De keuze van welk materiaal als geld dienst kan doen, is dan ook heel belangrijk. Appels niet, want die bederven. Water ook niet, want dan zou iedereen schatrijk zijn. In de loop van de geschiedenis hebben de meest uiteenlopende dingen dienst gedaan als geld, van walvistanden tot schelpen, van ivoor tot sigaretten. Maar metaal is sinds mensenheugenis het favoriete materiaal geweest om geld van te maken, met name edele metalen zoals zilver en goud.
Natriumchloride
Een van de dingen die mensen altijd al gekocht hebben met geld, is natriumchloride. Keukenzout. Vandaag de dag is zout bijna iets triviaals. Je kunt het in elke kruidenierswinkel met kilo’s tegelijk kopen, en je gebruikt het eigenlijk alleen om etenswaar een smaaksteuntje in de rug te geven.
Maar dat is een verworvenheid. Vroeger was zout een goed van zeer grote waarde, omdat je er vlees en vis langer mee kon bewaren. In de tijden voordat koeling een voor iedereen beschikbaar alternatief werd, was zout daarom een eerste levensbehoefte voor elk land, elke groep.
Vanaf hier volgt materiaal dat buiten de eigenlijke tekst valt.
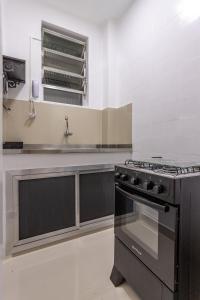 uma cozinha com um fogão e um lavatório em Atlântica Palace Vista Mar no Rio de Janeiro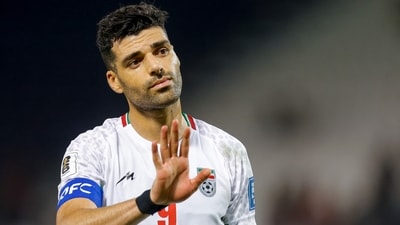 Iran's forward #09 Mehdi Taremi greets the fans ater the 2026 FIFA World Cup Asian Qualifier football match between Qatar and Iran at Jassim Bin Hamad Stadium in Doha on June 5, 2025. (AFP) Iran's forward #09 Mehdi Taremi greets the fans ater the 2026 FIFA World Cup Asian Qualifier football match between Qatar and Iran at Jassim Bin Hamad Stadium in Doha on June 5, 2025. (AFP)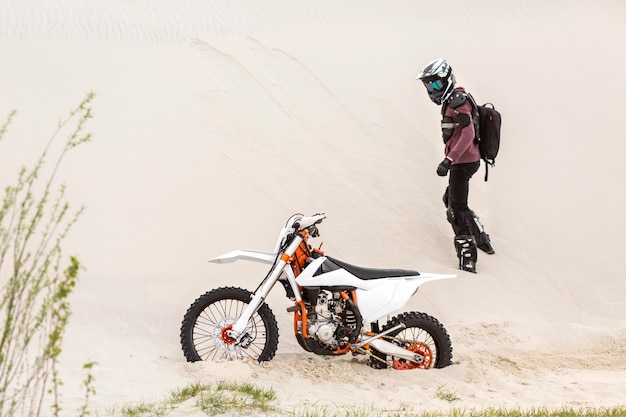 Jinete activo mirando su moto en el desierto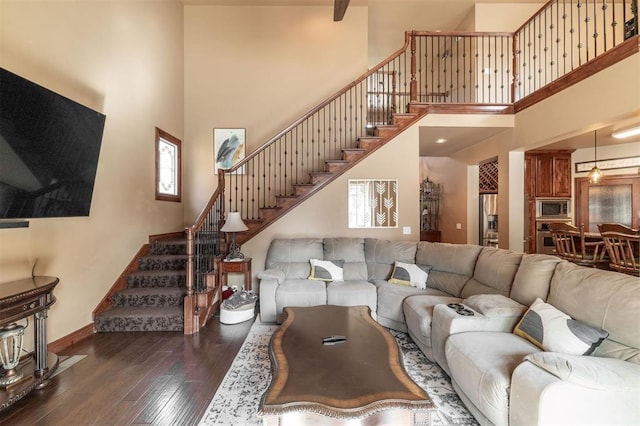 4417 Man O War Dr, Edmond, OK 73025 - living room featuring a high ceiling, stairway, and hardwood / wood-style floors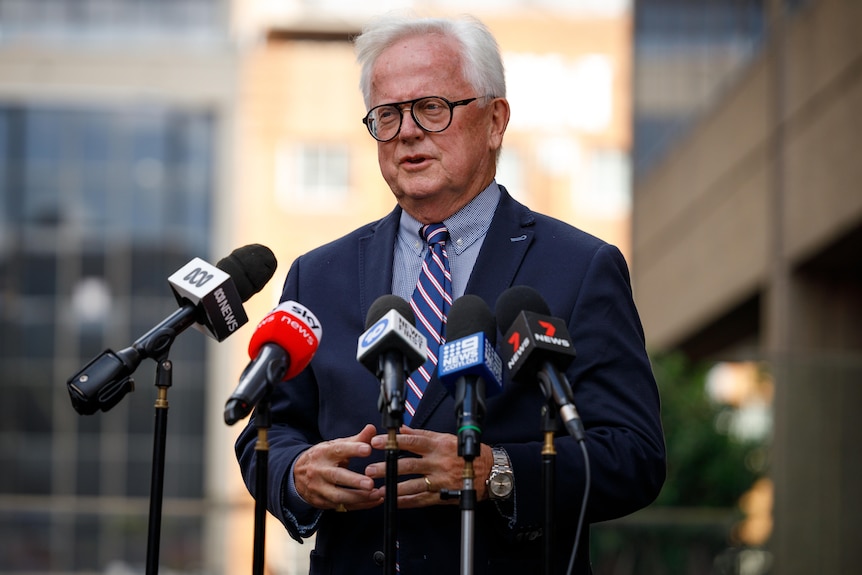 Philip Crawford talks during a press conference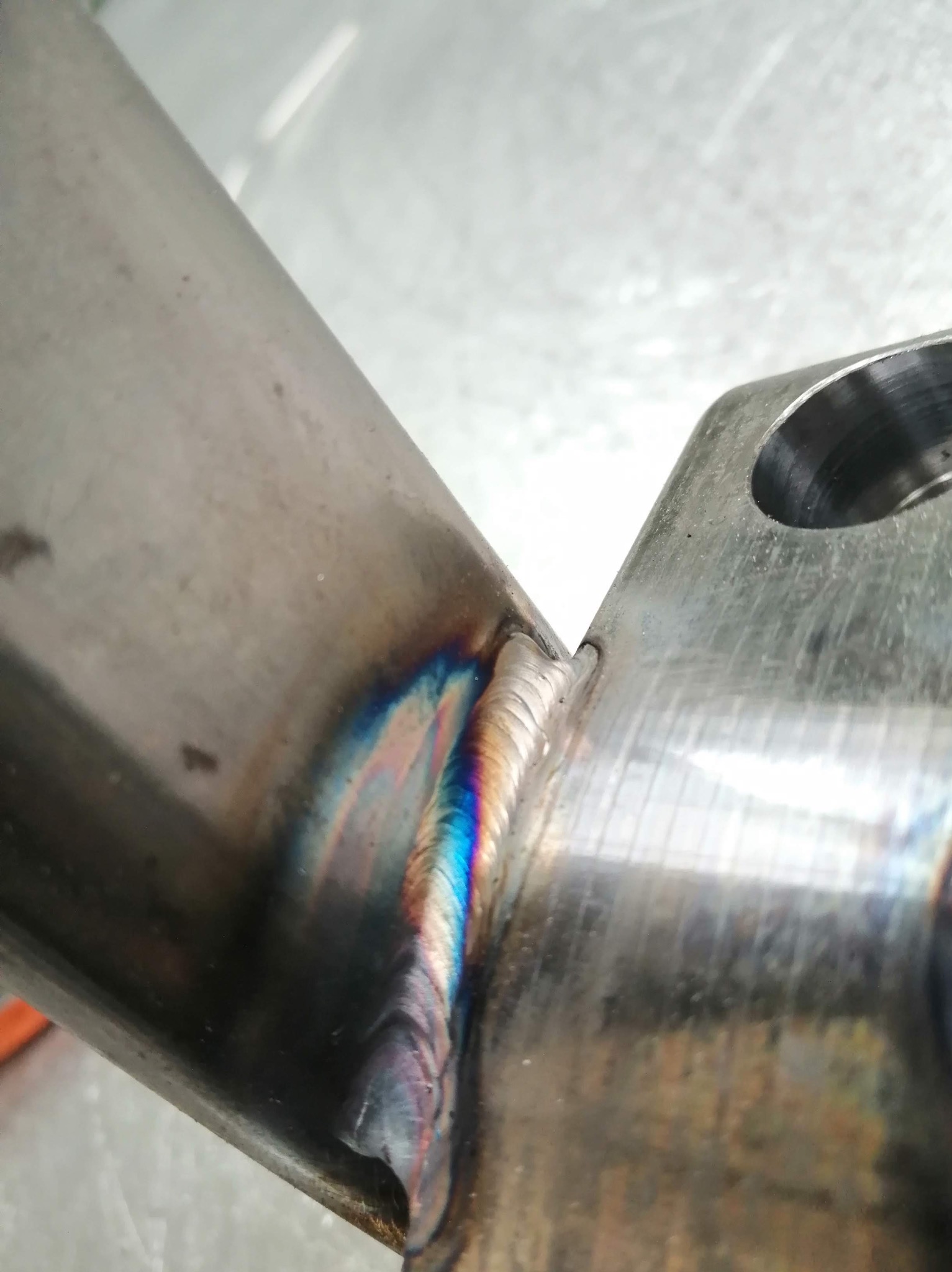 Spoina łącząca metalowy profil z płaskownikiem, widoczne tęczowe zabarwienia po spawaniu. Detal konstrukcji spawanej z bliska, z otworem na śrubę.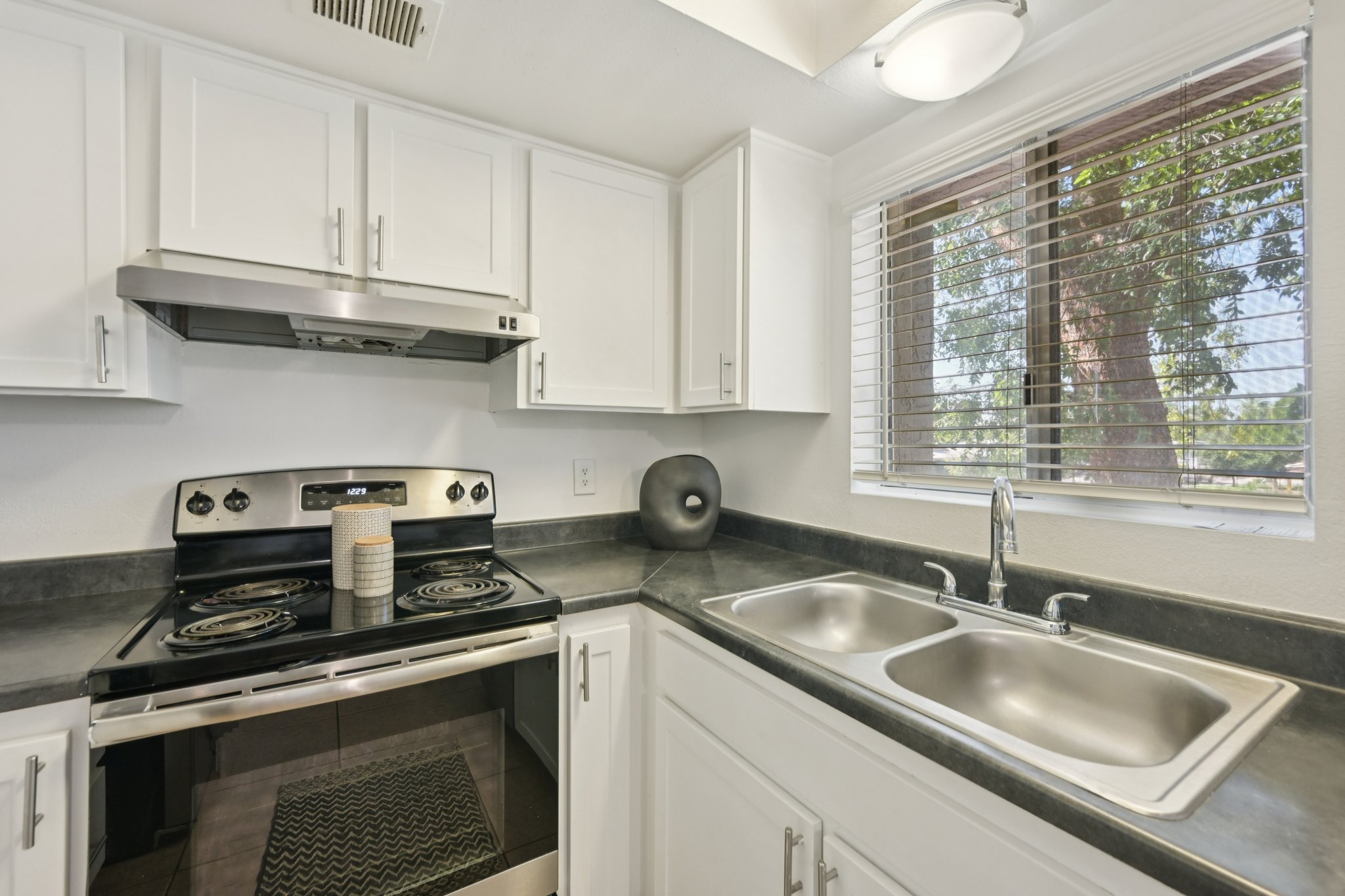 A modern kitchen featuring a stainless steel stove with four burners, a double sink, and white cabinetry. A window with blinds allows natural light to enter, showcasing greenery outside. The countertop is dark, contrasting with the white cabinets, creating a clean and contemporary look.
In de antieke oudheid was het Romeinse leger nogal praktisch ingesteld. Zo kregen soldaten hun loon soms uitbetaald in nuttige benodigdheden. En ze kregen een aparte vergoeding (in geld) om zich van zout te kunnen voorzien. Het Latijnse woord voor zout is sal, en die vergoeding heette het salarium, het zoutrantsoen.
Salarium werd later het algemene woord voor soldij (soldatenloon), en vandaar dat wij nu door onze baas – daar heb je dat loonstrookje weer – nog steeds een salaris uitbetaald krijgen. Een zoutrantsoen.
Meer voorbeelden
Met dat lekker zoute salaris kan je weer allerlei zaken kopen waarin óók het Latijnse woord voor zout verstopt zit:
- Een frisse salade, bijvoorbeeld (van herba salata, gezouten groente).
- Of een pittige pizza met salami (van salame, gezouten worst).
- Of een wat nachochips met een lekkere dipsaus (van salsa, gezouten voedsel).
- En als toetje was salmiakdropjes (van sal ammoniacum, zout op basis van ammoniumchloride).
Eet zoutelijk!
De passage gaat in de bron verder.